TASK TO COMPLETE:
Every line of the material needs an exact copy, apart from the images.

■ ■ ■ ■

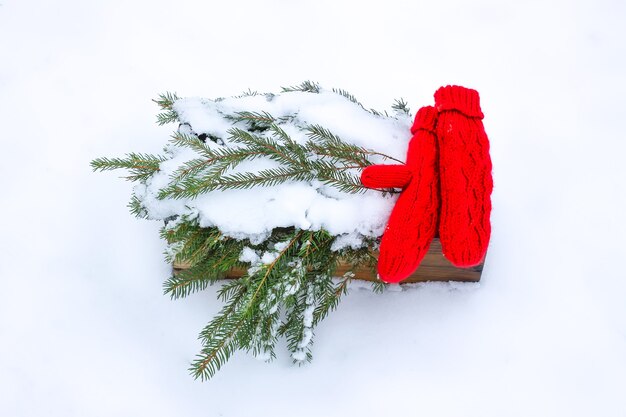 Christmas and New Year winter holiday composition with red wooden surface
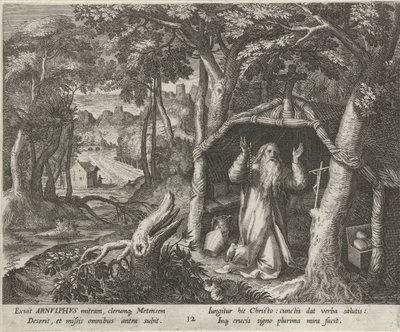 San Arnoldo di Metz come eremita da Raphaël Sadeler (I)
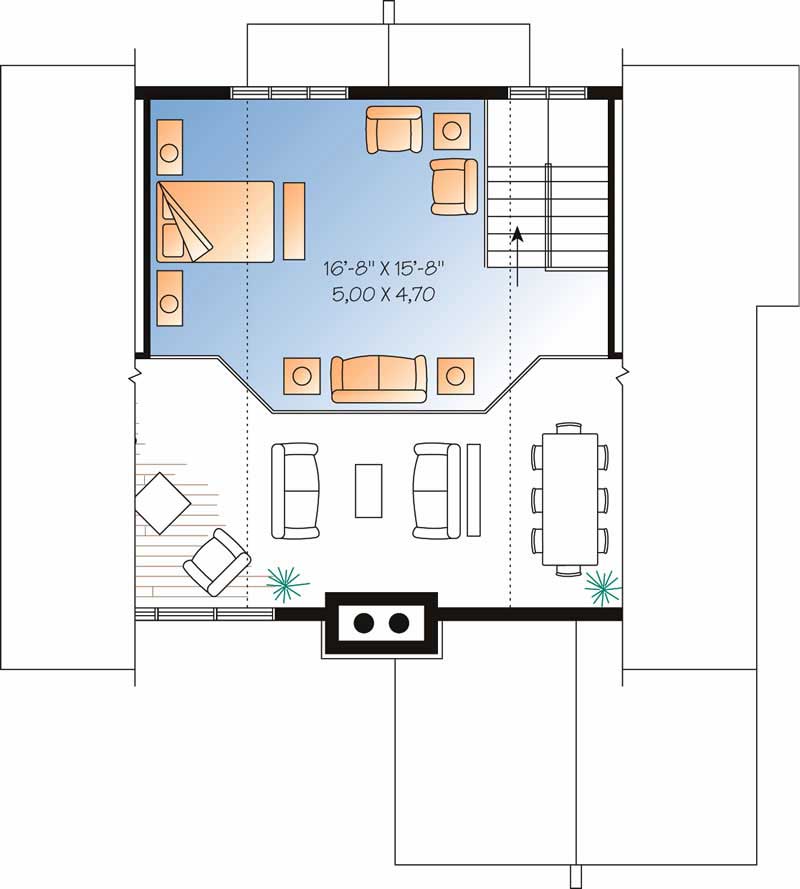 Floor Plan Second Story of Coastal Plan #126-1316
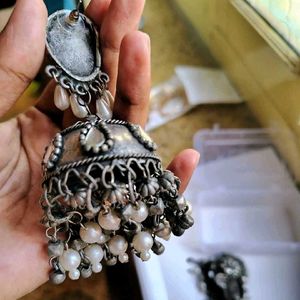 Elegant Oxidized Jumbo Size Pearl Jhumkas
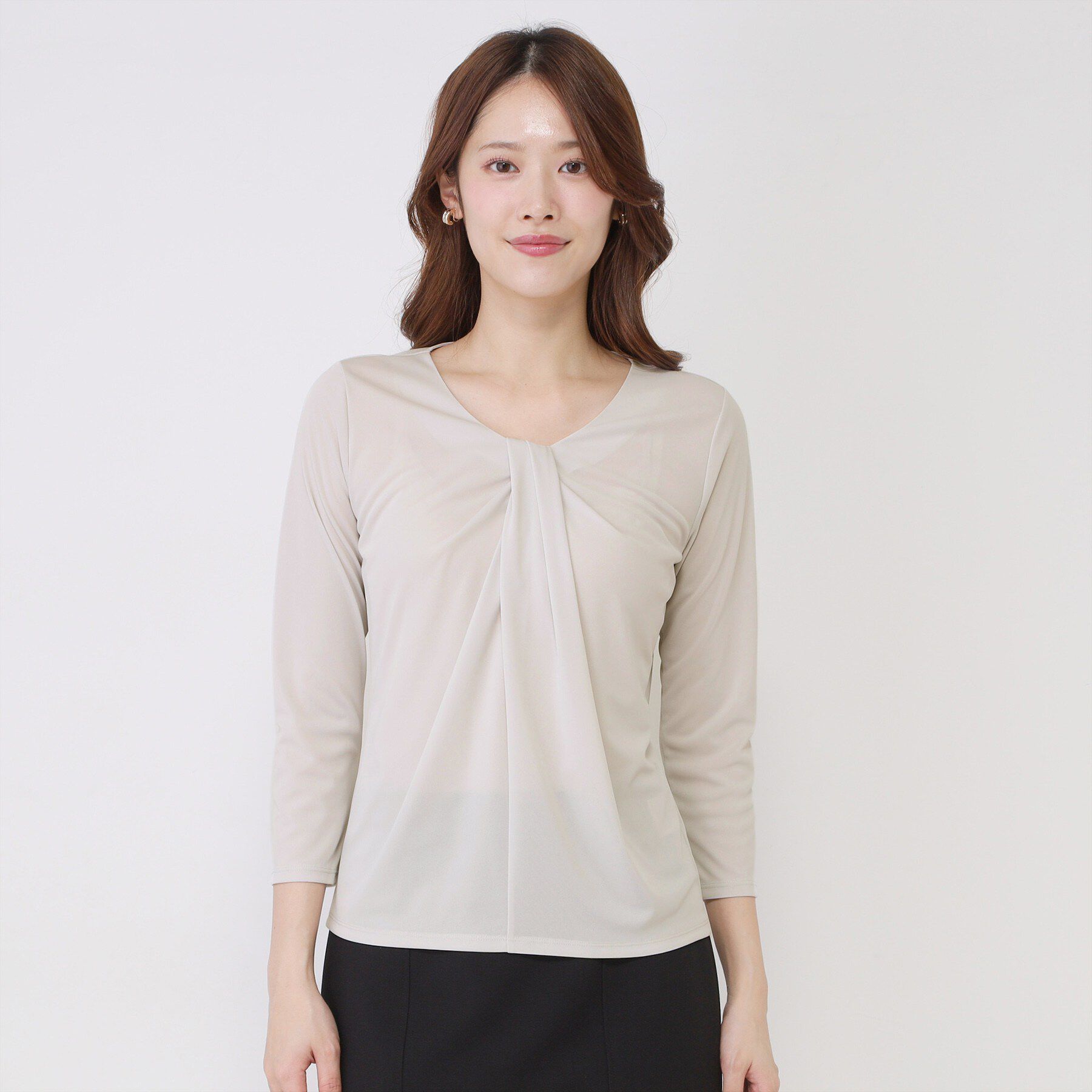 COUP DE CHANCE「【手洗い可／日本製／7分袖／ジャケットイン】しなやかな落ち感のカットソー」|Tシャツ・カットソー|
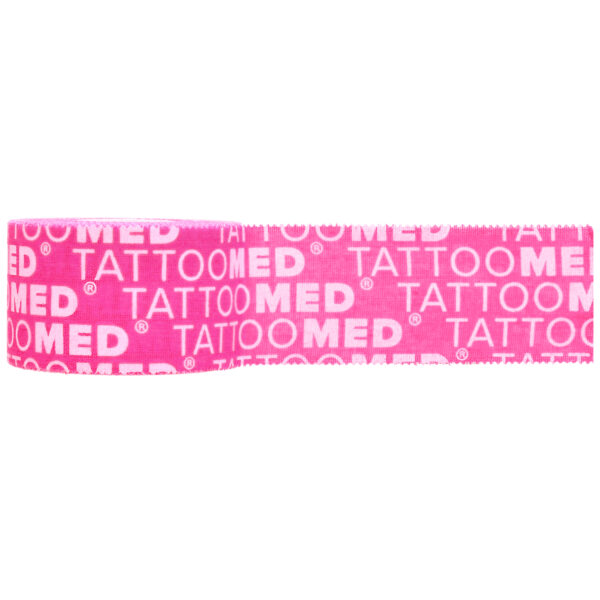 Cinta Pro Tape rosa de Tattoomed, 5m de largo, con texto blanco sobre fondo blanco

■ ■ ■ ■

EXERCISE ANSWER:
 Christmas and New Year winter holiday composition with red wooden surface
 San Arnoldo di Metz come eremita da Raphaël Sadeler (I)
 Floor Plan Second Story of Coastal Plan #126-1316
 Elegant Oxidized Jumbo Size Pearl Jhumkas
 COUP DE CHANCE「【手洗い可／日本製／7分袖／ジャケットイン】しなやかな落ち感のカットソー」|Tシャツ・カットソー|
 Cinta Pro Tape rosa de Tattoomed, 5m de largo, con texto blanco sobre fondo blanco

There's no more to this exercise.